Some 40 members of the choir under the leadership of Robert Stoney and William Green Bickley, attended. During this period, Beaver not only had a choir of fame but also a fine brass band consisted of 14 members of which Father was one, playing the cornet. They furnished fine music for all national programs and celebrations as well as many other occasions. The instruments he played best and loved most were the violin, cornet, accordion, flute, organ, and when the piano came on the market, he played that perfectly and taught both the organ and piano having many students.

When he returned from his mission, he took up his labors again, both in civic and religious duties. He was appointed chorister, which position he held for a great many years. His daughters May and Bessie, acting as organists for his choir for a number of those years. He put his heart and soul into his work. He composed many of his anthems preparing words and music for the different voices in manuscript form. He composed the music and arranged the hymn "Sons of Michael", into a beautiful anthem. Also set his own music to many of the hymns in the hymn book, "Haste to the Sunday School" and "Call and Answer", arrangements were his contributions to the Sunday school song book. "Invocation" in the blue relief society song book he wrote also. But as only one verse was published, I will write it in full.

INVOCATION

words and music, William G. Bickley

1- As we are here assembled to sing Thy praise, oh Lord,

and from Thy holy priesthood (sisters in their book)

to hear Thy sacred word.

We ask Thee now to grant us the unction of Thy love

so that our heart and voices shall reach Thy throne above.

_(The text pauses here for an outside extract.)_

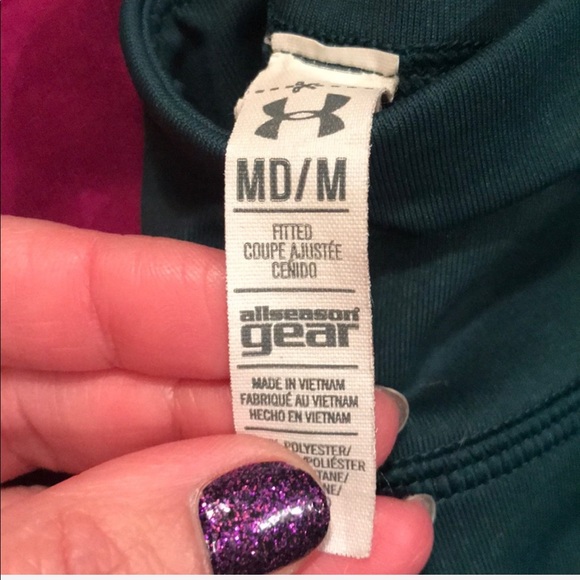 5 Pairs of Under Armour Hopper Capris - Picture 2 of 3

2- We love to sing Thy praises, and come to Thee in prayer.

while from our hearts we thank Thee for tender love and care

and while we bow before thee, oh wilt Thou deign to lend

Thine ear, while we adore thee, our Father and our friend.

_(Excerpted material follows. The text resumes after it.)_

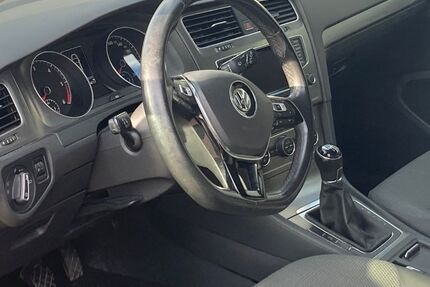 VW Golf 205.000 km 5.400 &euro; Mandelbachtal 66399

3-Preserve Thy chosen servants, be Thou their constant shield,

fill thou their souls with wisdom and give them grace to wield

The sword of gospel freedom, to urge its saving power

among Thy sons and daughters in sorrow's trying hour.

4-And when our task is finished, on earth, and we are free,

may we all be found worthy, to ever dwell with Thee.

in Thy celestial kingdom, among the ransomed blessed,

where Thou has said, "the faithful shall enter into rest."

Here are two of his best loved and enjoyed love songs:

DARLING, I LOVE THEE

When the balmy spring returns

breathing fragrance fresh and sweet

from the buds and mossy ferns

then my darling, we shall meet.

Yes, and sweet shall be our meeting,

loving be our words of greeting,

while our lips and hearts repeating,

darling, I love thee. darling I love thee

Though our fate should be to part,

there is comfort in the thought,

that I’m reigning in your heart,

and you love me as you ought,

Love, me oh, how sweet the pleasure.

that we are each other's treasure,

and can sing in joyful measure

darling, I love thee. darling I love thee.

And should sorrow cross our path,

and misfortune gather 'round.

so, we may escape god's wrath,

may our trust in him be found,

And when earthly life is ended

and our souls to heaven ascended.

we will sing sweet music blended.

"darling, I love thee."

CLARA BELL

1-Near a sparkling rippling brooklet,

in a pleasant shady dell

dwelt a fair and dainty maiden,

darling little Clara bell.

Fawn like was her form in neatness,

from her eyes soft radiance fall,

on my heart was holy sweetness,

and I loved sweet Clara bell.

Chorus:

Though she left me sad and lonely

yet I cannot say farewell,

for when this short life is ended,

I shall see my Clara bell.

2-On a balmy summer’s evening,

we were straying side, by side.

when my tale of love I whispered

and she said she'd be my bride.

Stars were twinkling, moonlight gleaming

what my joy was, none can tell

as her eyes with love were beaming

and I kissed sweet Clara bell.

3-Now alas, the grave has hidden

her I loved, from mortal view,

and her soul has gone to heaven,

with the angels, good and true.

Though she's left me sad and lonely

yet I cannot say farewell

for when this short life is ended.

I shall see my Clara bell.

He could pick up a song anywhere and sing it right off by sight. He carried a little tuning fork in his pocket by which he got the pitch. He organized a large music class and taught them sight reading from charts. I have told in mother's history how they sold the old home and moved to town and lived in the cottage behind the store, years later. How they purchased the store and relief society hall and remodeled it and made a very happy and comfortable home and his office over the store where he had his typewriter and books and where he carried on his work as secretary for a number of corporations and canals.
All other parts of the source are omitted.